Web page caption snippets:

▼▼▼

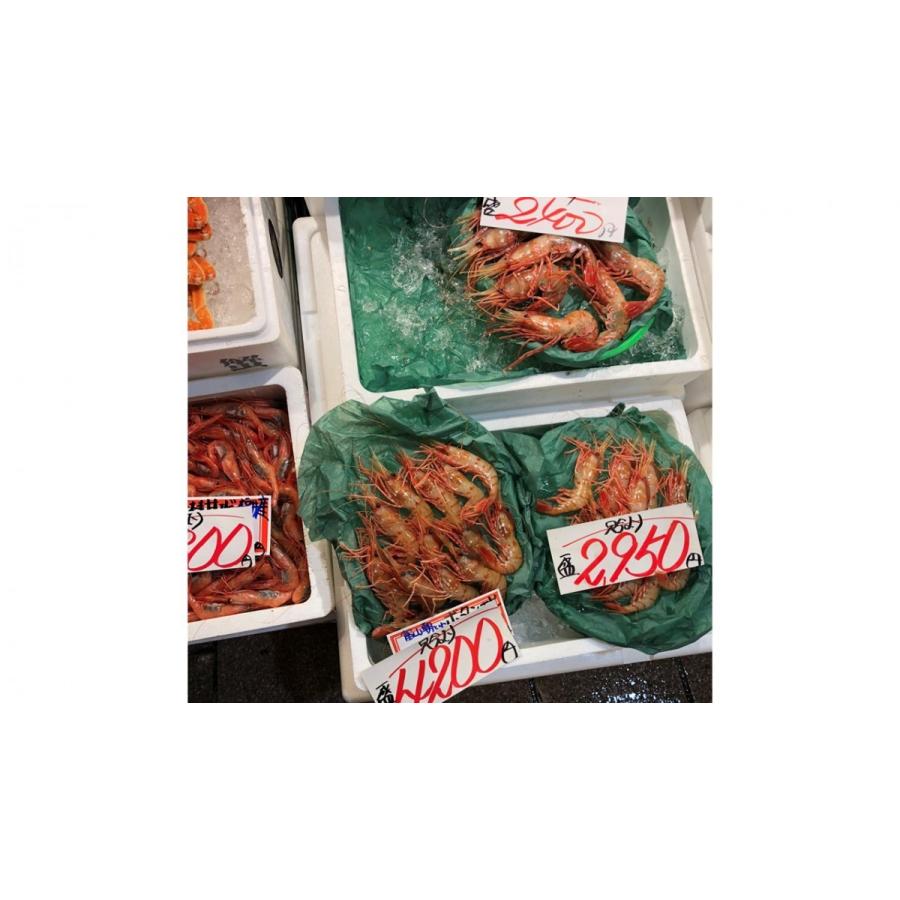 グリーンパーチ 半切 500枚 耐水紙 762mm×508ｍｍ 厚さ吸水紙・緑色・おさかなパックン 【耐湿紙・海産・魚河岸・水産加工・市場・食肉】 |  | 03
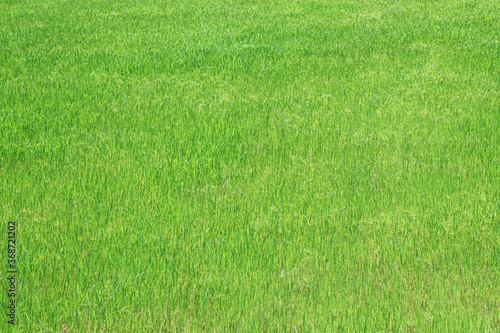Green rice field for background, Blurred and soft focus.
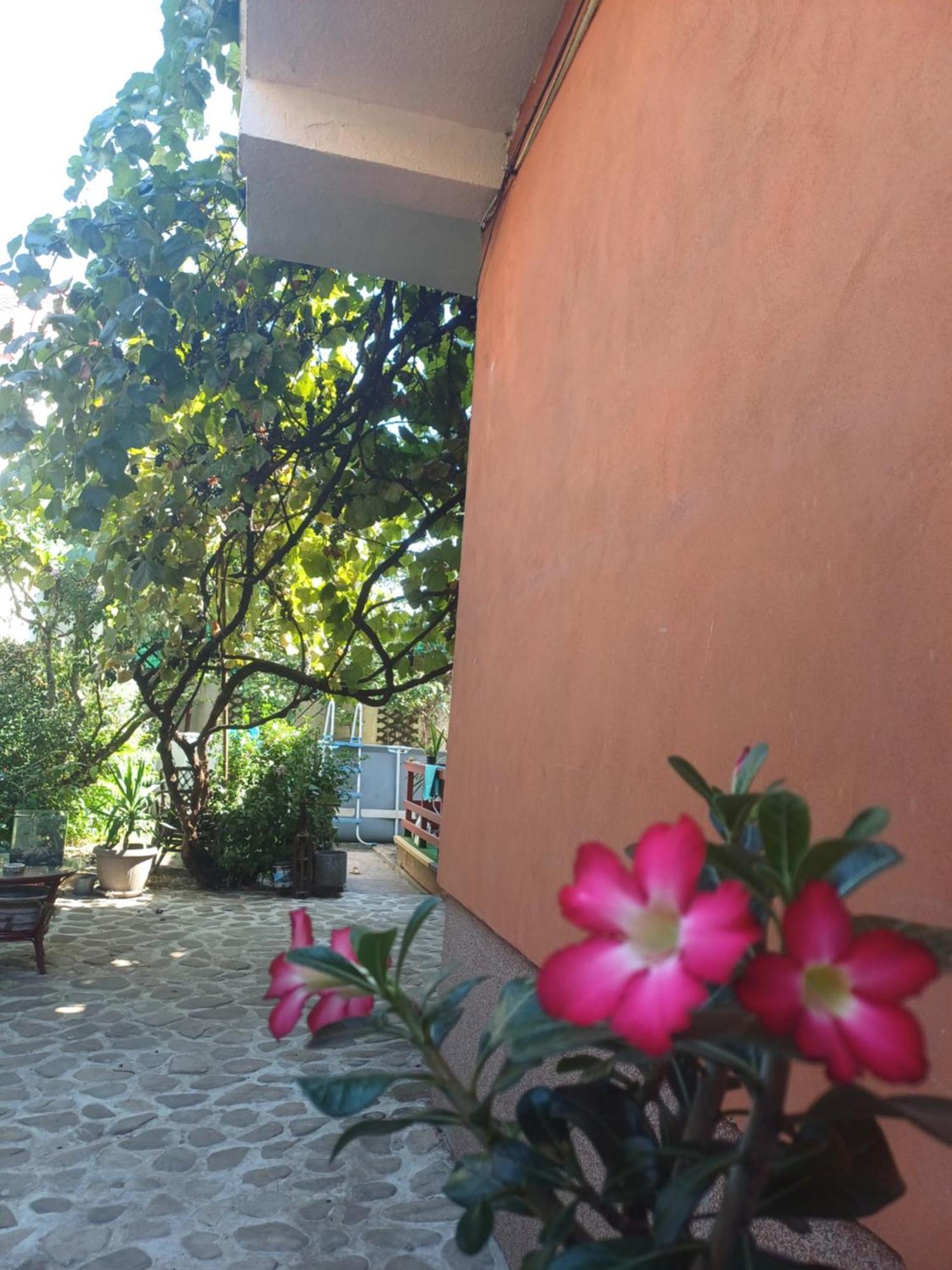 Gasthof Cu Baie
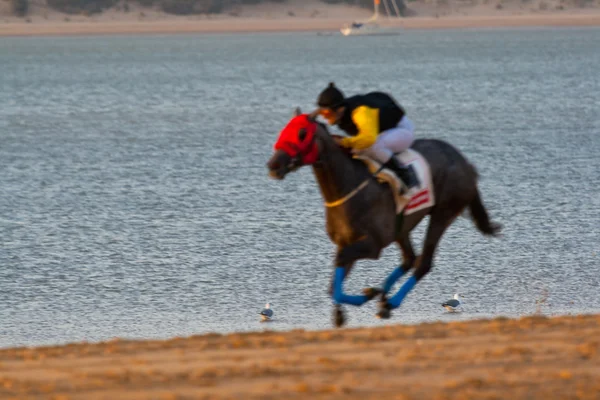 stock image Horse race on Sanlucar of Barrameda, Spain, August 2008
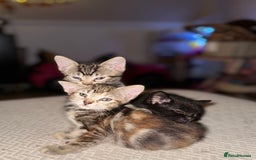Mixed Breed cats for sale: Beautiful kittens - Image 5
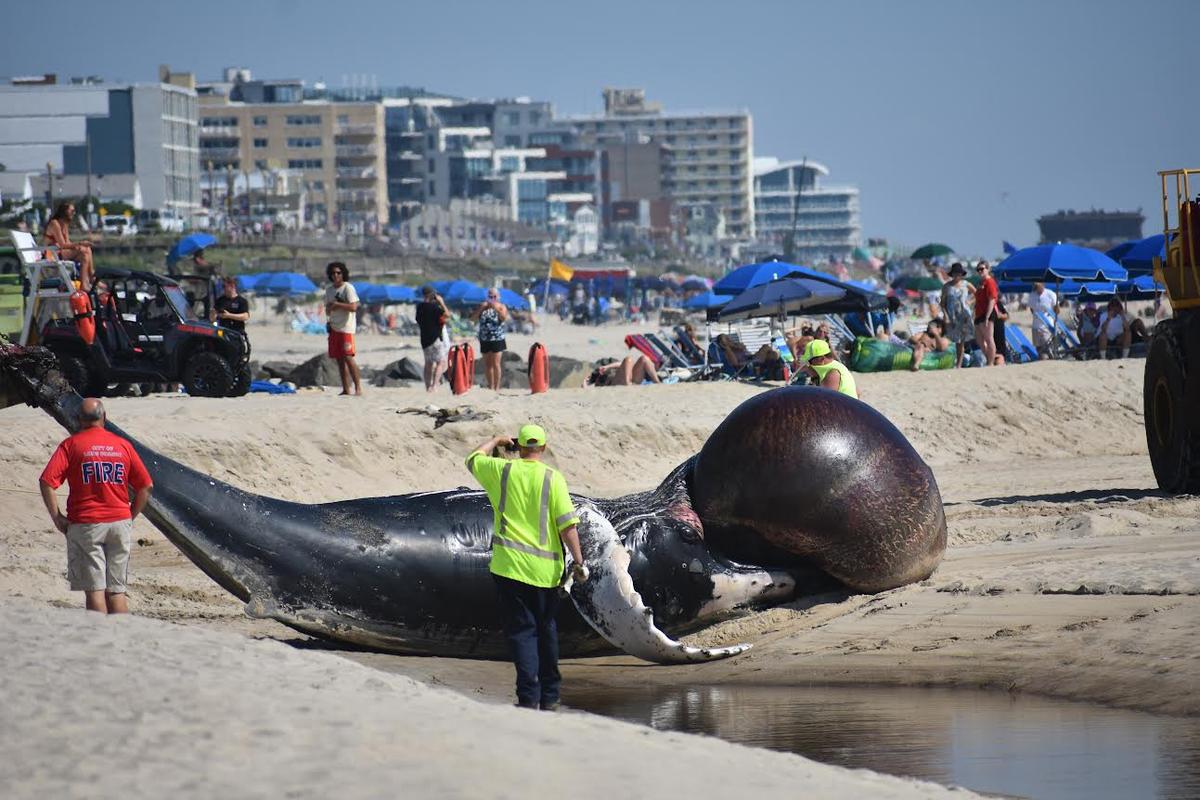 IN-DEPTH: ‘We Can’t Afford to Lose Any More’; Advocates Call for Pause on Offshore Wind Surveying After Whale Deaths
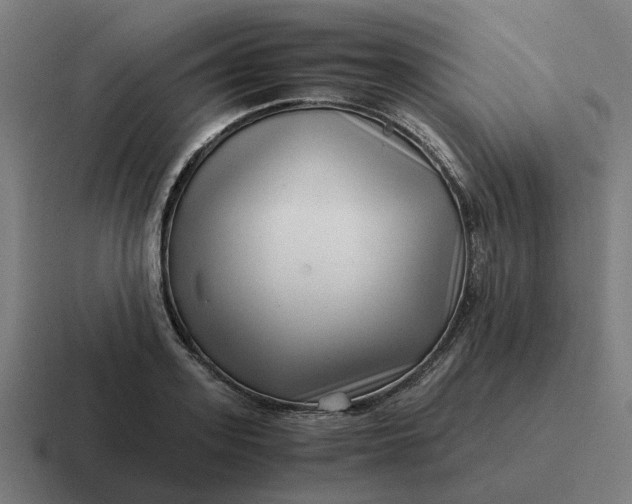 X0000116760939200912311816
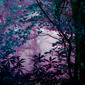 Elusive Forest #4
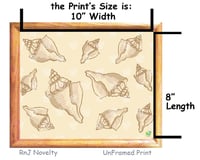 Image 3 of RnJ_ConchShell_Natural UnFramed Print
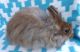 Satin Angora Rabbits for sale in Floral City, FL 34436, USA. price: $65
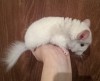 1 мес
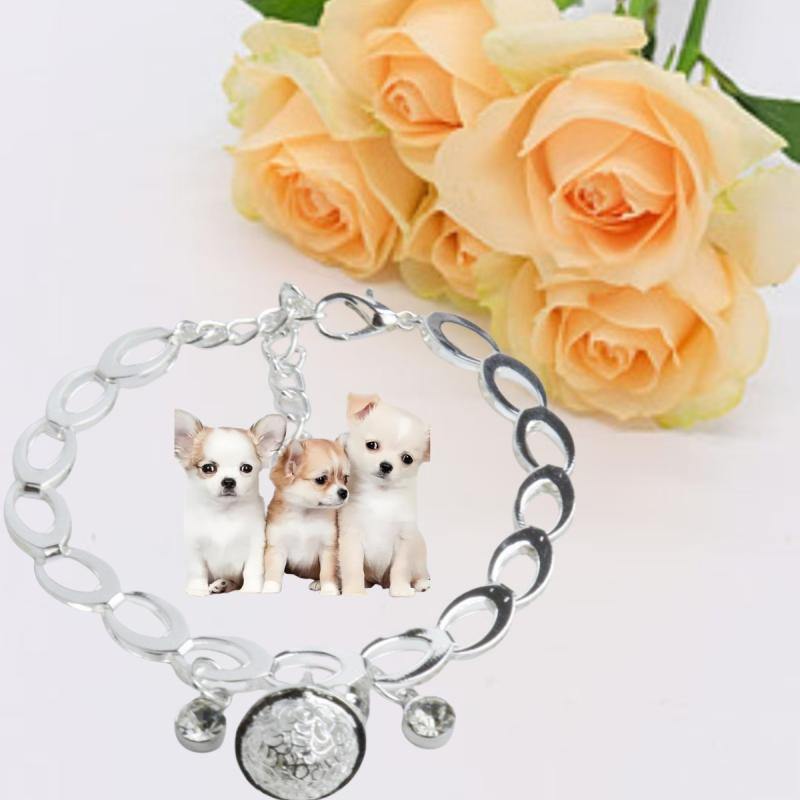 ペット首輪 猫用 犬用 うさぎ ラインストーン 鈴 麦穂モチーフ ジルコニア 銅製 シルバー 調整可能 お..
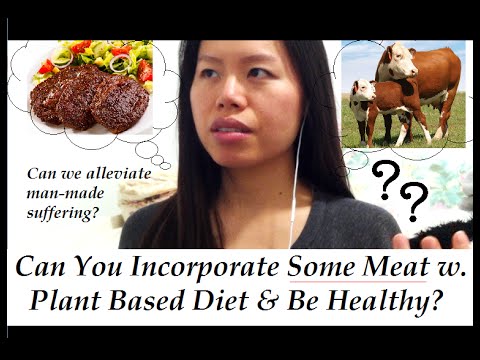 Small Portion of Meat With a Plant Based Diet Healthy?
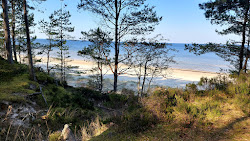 Photo de Ragaciema pludmale avec rivage droit, long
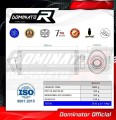 Auspuff Schalldämpfer DOMINATOR OV passend für Suzuki SV 650 S 1999  2002 4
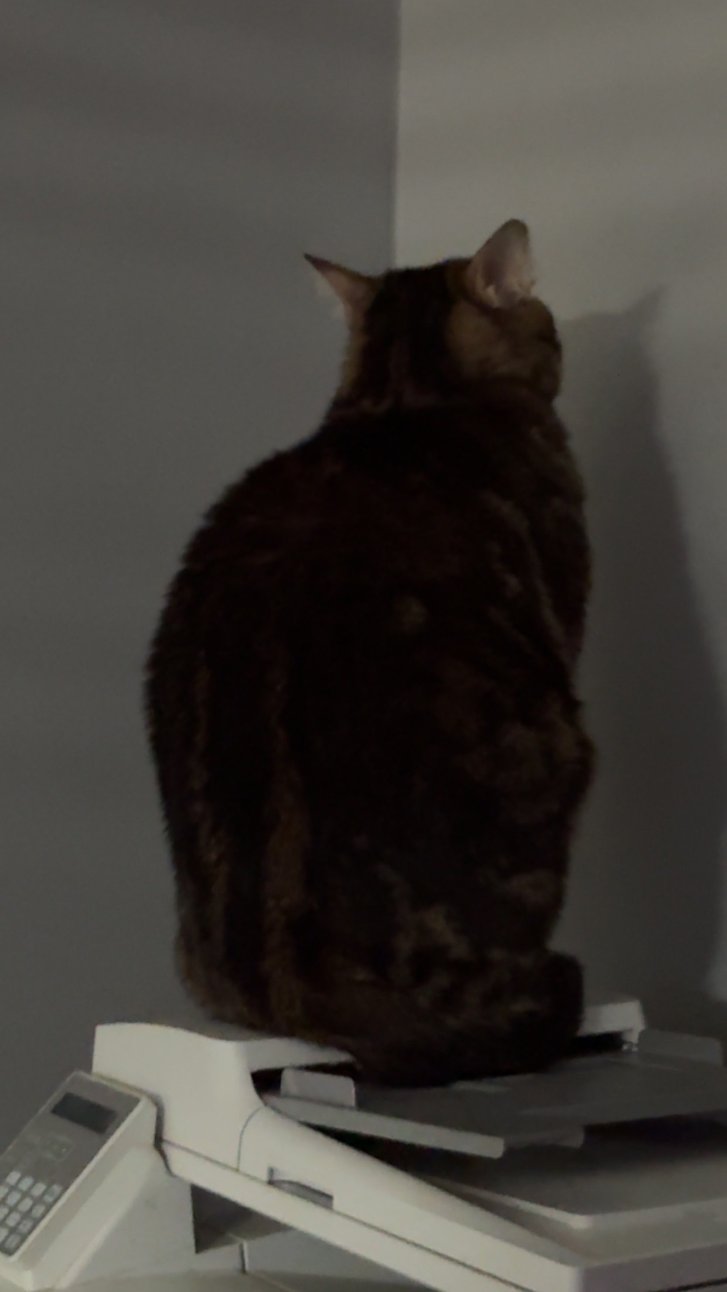 Picture of a cat / kitten / feline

▲▲▲

» Your objective: Pictures are to be dropped; every line of the records is to be returned unchanged.

» Expected answer:
 グリーンパーチ 半切 500枚 耐水紙 762mm×508ｍｍ 厚さ吸水紙・緑色・おさかなパックン 【耐湿紙・海産・魚河岸・水産加工・市場・食肉】 |  | 03
Green rice field for background, Blurred and soft focus.
 Gasthof Cu Baie
 stock image Horse race on Sanlucar of Barrameda, Spain, August 2008
Mixed Breed cats for sale: Beautiful kittens - Image 5
 IN-DEPTH: ‘We Can’t Afford to Lose Any More’; Advocates Call for Pause on Offshore Wind Surveying After Whale Deaths
 X0000116760939200912311816
 Elusive Forest #4
 Image 3 of RnJ_ConchShell_Natural UnFramed Print
 Satin Angora Rabbits for sale in Floral City, FL 34436, USA. price: $65
 1 мес
 ペット首輪 猫用 犬用 うさぎ ラインストーン 鈴 麦穂モチーフ ジルコニア 銅製 シルバー 調整可能 お..
 Small Portion of Meat With a Plant Based Diet Healthy?
 Photo de Ragaciema pludmale avec rivage droit, long
 Auspuff Schalldämpfer DOMINATOR OV passend für Suzuki SV 650 S 1999  2002 4
 Picture of a cat / kitten / feline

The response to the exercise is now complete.